(Pro lèghere s’artìculu in sardu pùnghere subra sa bandera in artu)

Dicono sia stata colpa del berlusconismo di destra, incarnato da Sua emittenza.

Ma ora che al potere c’è quello di sinistra, le cose non sembrano cambiar granché. Ammesso che Berlusconi e Renzi (o il sub commissario Gentiloni, ora) possano essere definiti di destra o di sinistra.

Come la cronaca suggerisce, il problema non sono i due dominatori della scena politica dell’ultimo ventennio (tanto pervasivo è stato il primo quanto altrettanto si è annunciato il secondo) ma la società che li ha prodotti e che loro stessi, a caduta, hanno generato o stanno generando.

I tanti che li hanno sostenuti col voto e affiancati (o sfruttati) nei ruoli di rappresentanza, sostituendo la conoscenza, il merito, la formazione, il valore del lavoro e del tempo trascorso a studiare con altri dogmi: l’arrivismo, il culto dell’immagine, la potenza dei clan, l’interesse personale.

La degenerazione e il progressivo disfacimento della Prima Repubblica (ha fatto notizia in quanto degenerazione, dunque eccezione patologica rispetto alle regole – virtuose – dell’impegno in politica) sono diventati un sistema senza eccezioni nella Seconda.

Da qui gli scandali, le scalate irresistibili di vuoti e discutibili personaggi, inconsistenti nella preparazione giuridica, economica e sociale, abilissimi nel creare gruppi di potere capaci di drenare voti.

Ma personaggi del genere, a vario titolo chiamati a ricoprire ruoli istituzionali, potevano e possono produrre leggi di qualità e finalizzate all’interesse pubblico?

Nessuno può considerarsi innocente, soprattutto chi svende il proprio voto, la propria partecipazione, il proprio ruolo nella società.
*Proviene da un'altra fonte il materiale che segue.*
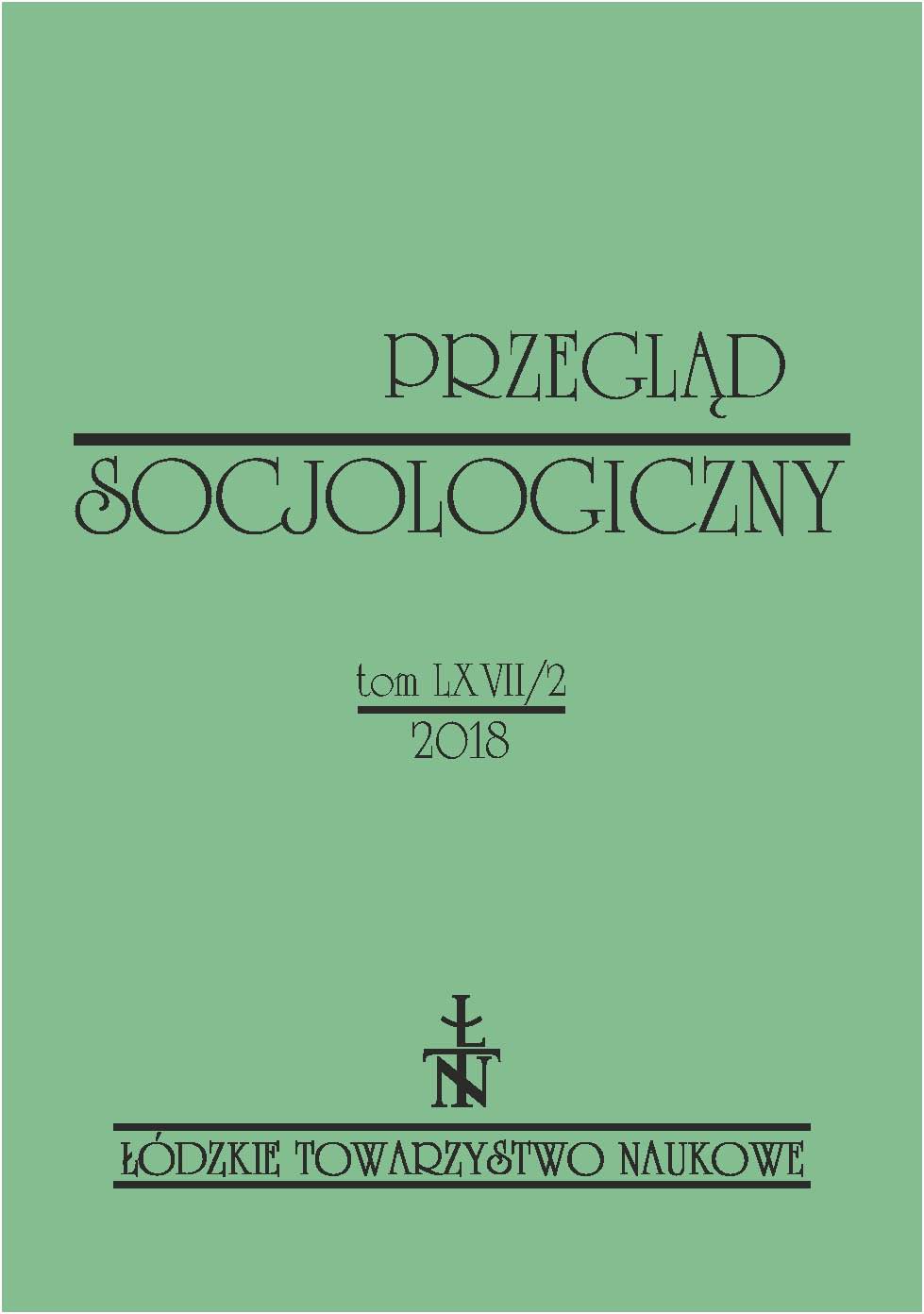 The change of the Polish sociopolitical system 2015–2017
in the perspective of the structure of classes and strata Cover Image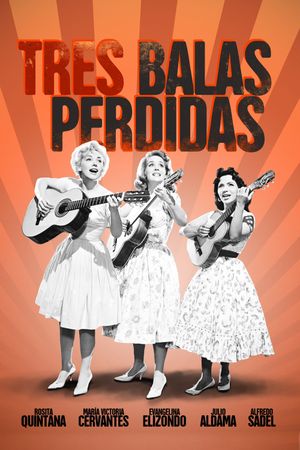 Tres balas perdidas's poster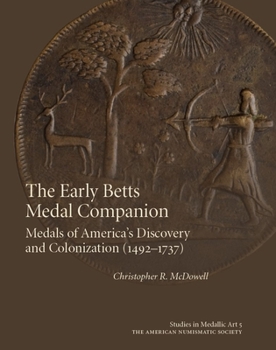 Hardcover The Early Betts Medal Companion: Medals of America's Discovery and Colonization (1492-1737) Book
Che fare, allora? Il bene pubblico rappresenta la stella polare che è in grado di salvarci non solo anima e coscienza ma anche portafogli e futuro. Senza il recupero dei principi legati a meriti, valori e onestà non ci saranno amministrazioni virtuose e capaci.

I cittadini smettano di delegare, di astenersi, di chiedere favori, spintarelle e raccomandazioni. Obblighino i loro rappresentanti a essere onesti, pretendano l’ostentazione di una vita specchiata e non strizzino l’occhio al privilegio.

Ogni cittadino può essere importante in questa rivoluzione, evitiamo di auto-condannarci alla rassegnazione e all’emarginazione.

Altrimenti presto ci renderemo conto che il fondo non è stato ancora toccato.